He didn't look particularly happy to me.  On part of that video he doesn't seem too keen to go outside but the door pushes him out.  I think the vet who carried out the op to amputate the second leg was wrong, and should have listened to his 4 colleagues who were against it.


----------



## SmartieBean09 (10 February 2013)

Completely wrong and selfish of the owner.  More money than sense!


----------



## Twinkley Lights (10 February 2013)

Well .... when I was young my friend and in Girl Guides were doing our being kind to animals badge ( it's been 30 odd years so name escapes me) we answered a few questions about animal care and the vet brought in a few animals for us to name and outline care requirements ... good so far huh?

Well the he brought a tabby cat into the exam room, his own cat. It was large and sleek and masterful as only a confident cat can be.  The vet asked what stands out to you about my cat?  I was first and I really scrutinised his eyes tail and coat and I said "he is in really good condition and has obviously been well fed and wormed", then my friend we will call her Morag the minx went second and said "he has two legs"  ..... yes Morag the minx I'm sure you went on to have a successful life based upon your excellent observational skills... and I'm just me.
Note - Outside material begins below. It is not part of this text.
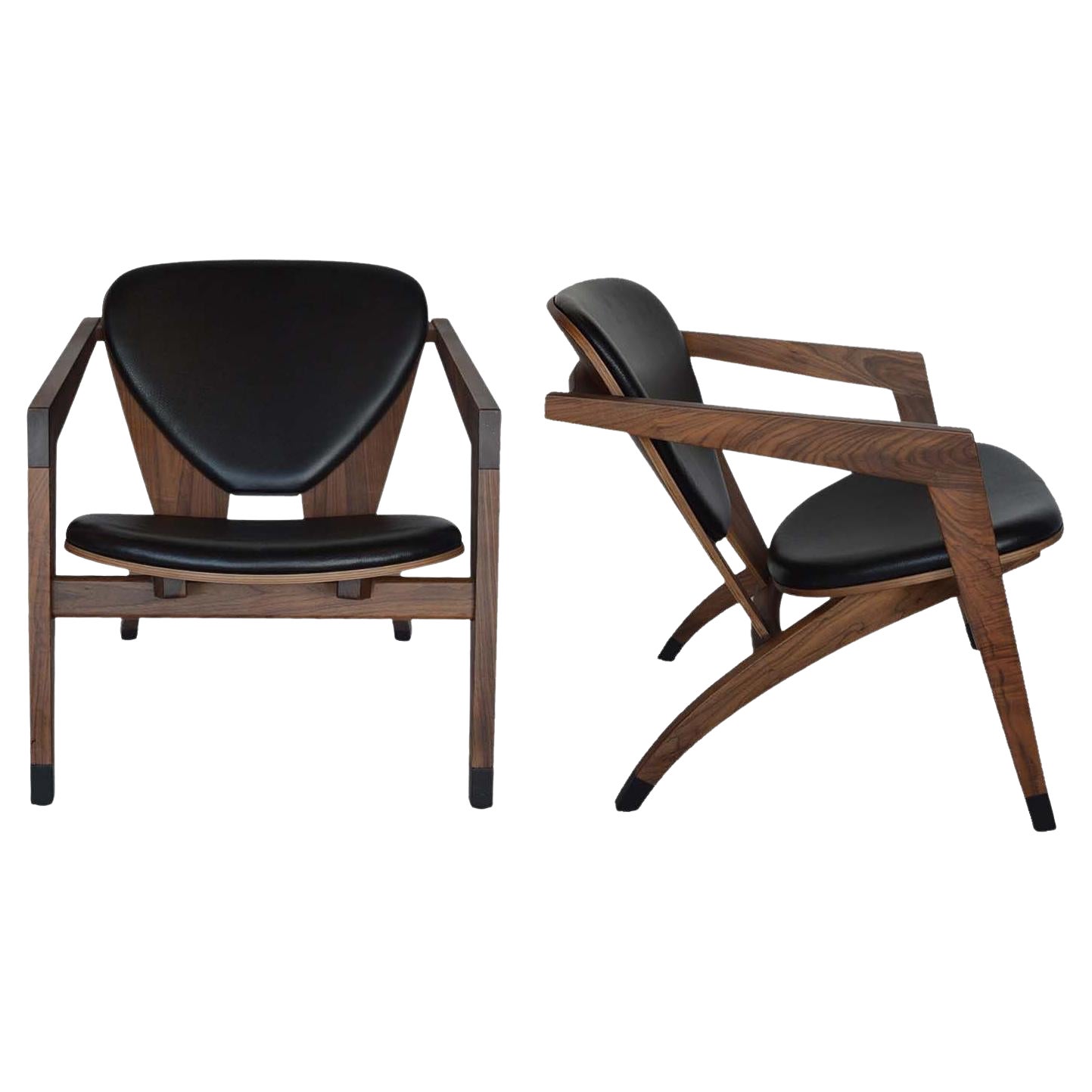 American Modern Walnut Armchairs with Leather Upholstery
I haven't watched the vid as I can't bear it for the cat as the adjustment must be horiffic, but just to balance some of the fears I can honestly say the cat I met looked wonderful and totally cat like in movement and in control.

PS: we both got a badge .. kind vet


----------



## dolly-daydream (10 February 2013)

Good old insurance policys, if she had had to pay, nearly £7000 for the two operations, I think she would of thought twice


----------



## Beausmate (12 February 2013)

Why would someone be so selfish as to put a cat through that?  Especially an old cat.  Not fair.


----------